Electronic landscapes have increasingly become the surface for action. Besides grasping the material topographies of the earth, satellite images also record the invisible elements of atmospheric, underwater and subterranean formations, as implemented recently in the military reconnaissance of the cave network of Al Quaida. Representing a traversable space, satellite images are no longer the map of a static moment in time but a dynamic geography of moving and changing surfaces over which a steady flow of signals and data is recording human migration, refugee movements and border crossings. These migrations are registered and evaluated for scientific purposes with entail political consequences. But the control of flows always takes place within the regime of meaning e.g. the old culture is threatened by the influx of foreigners. It is a cultural domain. Even the most technologically produced images will be filtered, at the moment of interpretation, by human fantasies, desires and projections, as Lisa Parks exposes in her analysis of the remotely sensed discovery of Cleopatra’s underwater palace.(3) A possible aesthetic strategy, then, does not seek to intervene in the production of the image, but in the production of knowledge derived from the visual data. The essay on Global Positioning Satellites, contributed by Parks to this volume, imagines alternative ways and finds personal and creative applications for these technologies. In her practice, she embodies a new generation of media scholars, who undertakes fieldwork along the highways of Southern California,Australian tourist trails and in the borderlands between Bosnia, Croatia and Serbia, exposing and commenting on her own positionality in the thorough manner of a feminist geographer who fluctuates between researcher and consumer, observer and participant, imperialist and tourist. She demonstrates how by inscribing the materiality of human movement into the discourse of cartography, the GPS map brings global positioning and social positionality together. They reveal a particular intervisuality in displaying “beings of movement” located somewhere between the objective map of territory and the subjective experience of motion on the ground.

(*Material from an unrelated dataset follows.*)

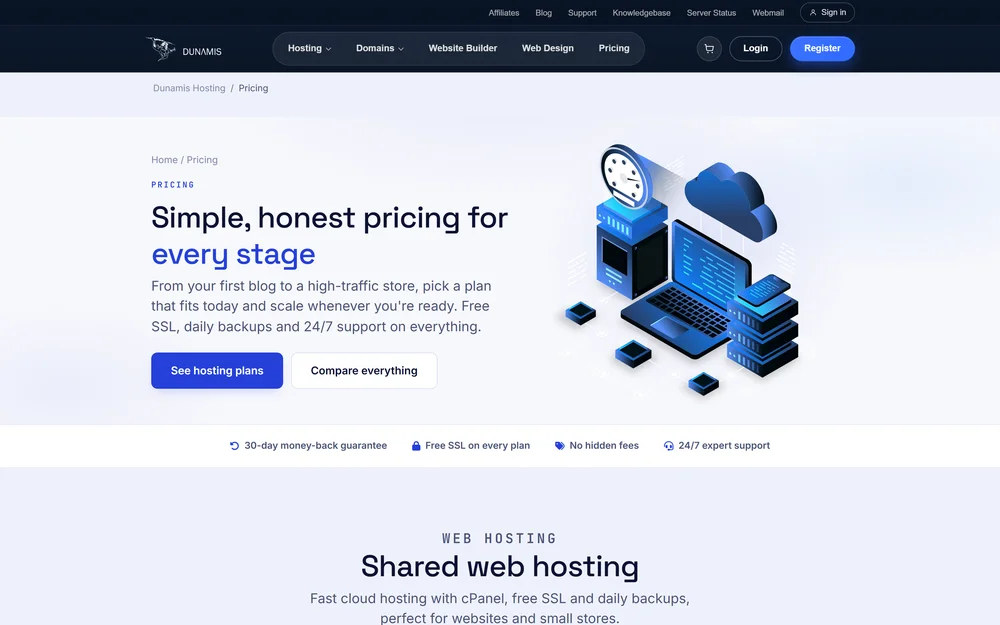 Dunamis Hosting pricing page, designed and built by Lion Creatives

The appropriation of high capital technologies for cultural low-tech uses is also at the core of Makrolab, one of the five collective projects in the exhibition. Initiated by Slovenian artist Marko Peljhan in 1997, the self-built, spacey structure is a nomadic, temporary, sustainable research station designed to listen in to data from around the world from locations in remote and fragile environments. The lab provides hightech communication facilities in alien, survivalist living conditions. Inviting artists and scientists to develop projects that relate to the particular setting, Makrolab sets up an intense biosphere among the participants who agreed to live and work together in a very reduced space over a number of weeks, resulting in a web of related studies and artworks. The last Makrolab was located on the Scottish highlands from May through July 2002, the next one is planned to be held in the Antarctic.

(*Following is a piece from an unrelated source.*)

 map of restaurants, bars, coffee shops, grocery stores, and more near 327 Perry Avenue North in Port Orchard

As a form of “living between an online and offline world in time zones on the outer reaches of cyberia,” Raqs Media Collective describes the gendered conditions of the new data outsourcing agent, the digital proletarian: the online working woman who is the quintessential twenty first century worker. Conceived specifically for this exhibition, their video and text piece A/S/L (Age/Sex/Location) maps the time geography of shifting identities in a new economy, where call center employees who are physically located in India answer customers in Minneapolis in a Midwestern accent. Moving between these worlds and their respective cultural and economic terms, while at the same time carving out a personal space of agency and pleasure for oneself becomes the existential challenge for these women.

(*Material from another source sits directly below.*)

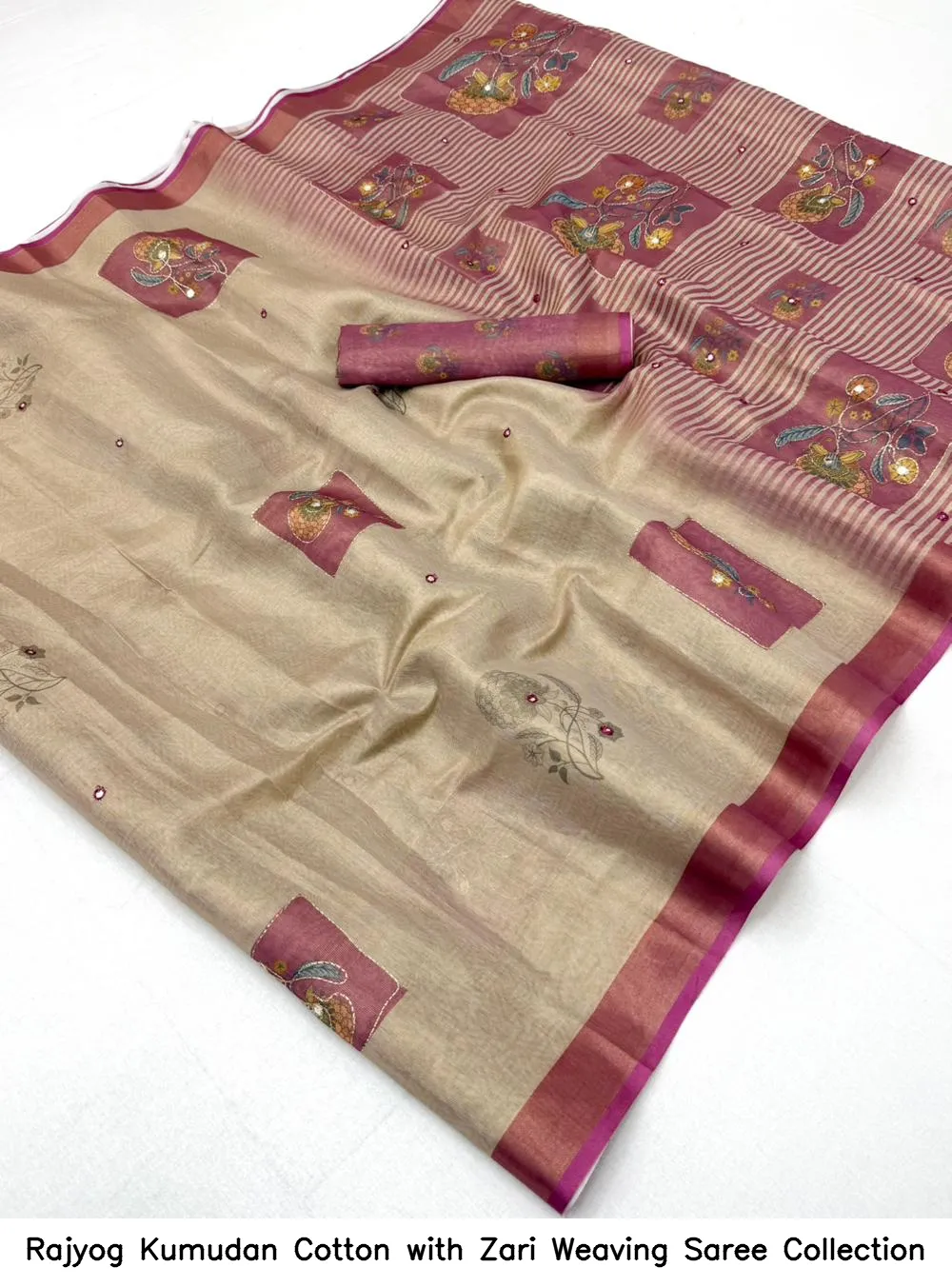 Rajyog Kumudan Cotton with Zari Weaving Saree Collection - Image 2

Two projects set a European focus in the exhibition. As an initiative for Geography with a life expectation that will hopefully extend beyond the exhibition, Frontera Sur RRVT (the European Southern Border in Real Remote and Virtual Time) is not a formal collective but a loose group of artists and activists who are taking a look at one exemplary geographic site and its multiple strata of meaning. The site is the European Southern rim – La Frontera Sur, the Spanish-Moroccan border area. In a variety of artistic and thematic approaches, the project examines a region in which questions of gender, ethnic filters, migration and labor debates as well as civil initiatives, claims for the public sphere and technological control mechanisms correlate on a small territory. This place is not about a simple line but a complex system of forces that strive towards constituting the meaning of an entity called Europe.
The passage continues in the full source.